Friday, December 14, 2012

All the playing's stopped in the playground now

When I got home from work tonight, the Beautiful Boy was sitting in his mother's lap watching Rudolph the Red-Nosed Reindeer.  Out of the corner of my eye I could see the twinkle of the lights on our Christmas tree, and I turned my head and looked at it like I probably haven't since we put it up a few weeks ago.  I noticed the stockings hung above the piano, and the Christmas cards lined along its top.  At the first commercial break the Beautiful Boy came up to me and I beckoned him into my arms and I kissed him and squeezed him again and again.  He, I am certain, had no idea why those hugs and kisses were especially needed tonight.

There are twenty parents in Newtown, Connecticut this evening--not to mention the families of the six murdered adults--who would give everything they own and more to have these simple few moments that I shared with my family tonight.  They will never have them again.

The blood of the children killed today is not, as one gun rights organization suggested, on the hands of gun control advocates. It's on the hands of gun advocacy groups like the NRA who lie to the American people about the efficacy of guns and insist that, unlike any other right we possess via the U. S. Constitution (speech, assembly, press, etc.), that somehow the second amendment is sacred and cannot have limits that keep the peace.  The killings today are not the result of taking God out of the classroom, as Mike Huckabee so callously said today.  They are the result of pseudo-Christians who can quote every picayune detail of the Bible to support their agenda (usually interpreted incorrectly) but always seem to forget Christ's admonition that we love each other as we love ourselves; God-loving people who sold their souls to further their beliefs and in the process proved that they are not pro-life, as they claim, but rather, pro-birth.

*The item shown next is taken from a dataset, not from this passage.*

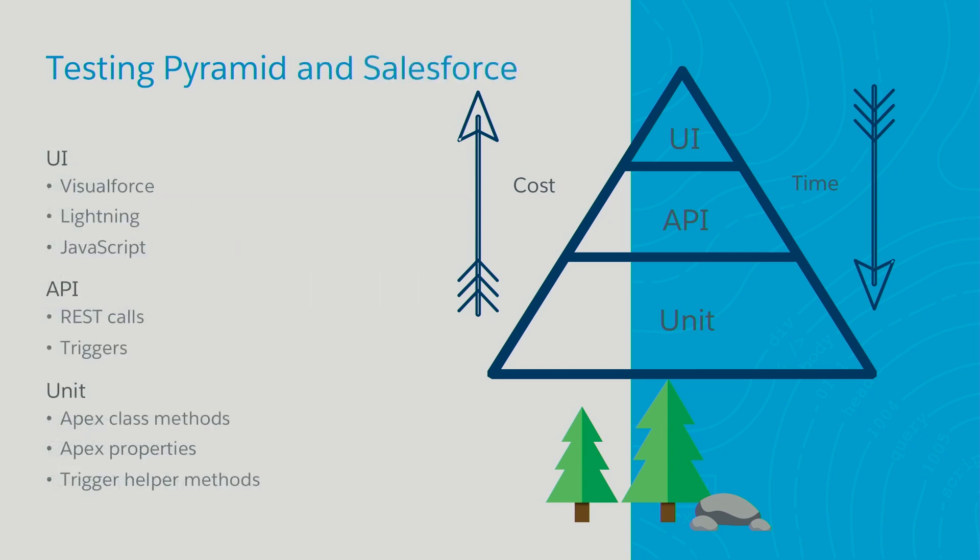Applying the test pyramid to different Salesforce technologies: if you're testing Visualforce pages, Lightning components, or any kind of JavaScript, that's a good candidate for the UI layer. For API tests, you'd want to do REST calls or any triggers you have. And unit tests cover any kind of classes, class methods, class properties, and trigger helpers.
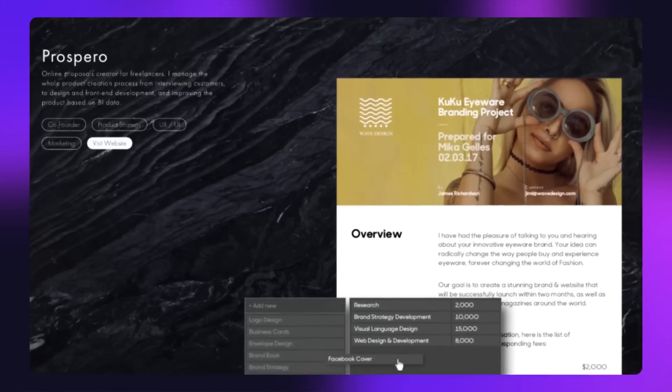I haven't updated my portfolio in six years. And we all know that there's no project designers like to procrastinate more than their own portfolio. So here's my challenge.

I was very glad that Barack Obama is the President of the United States today and not some soulless republican who would have stood before the American people this morning and babbled on while still keeping their lips on the teats of the NRA.  As much as I appreciate the President's acknowledging that we need "meaningful [gun] reform" I don't hold out much hope that change to our gun laws will be coming any time soon (especially since an administration spokesman almost immediately responded that today is not the day to discuss such gun law reforms--and to which we should all respond, "why not?").  I don't believe this will make our will any greater.

And so we'll sit in our cars at lunch and cry while we're chewing on a bologna sandwich, and give thanks that when our workday is done, we're going home to a family that's still in one piece.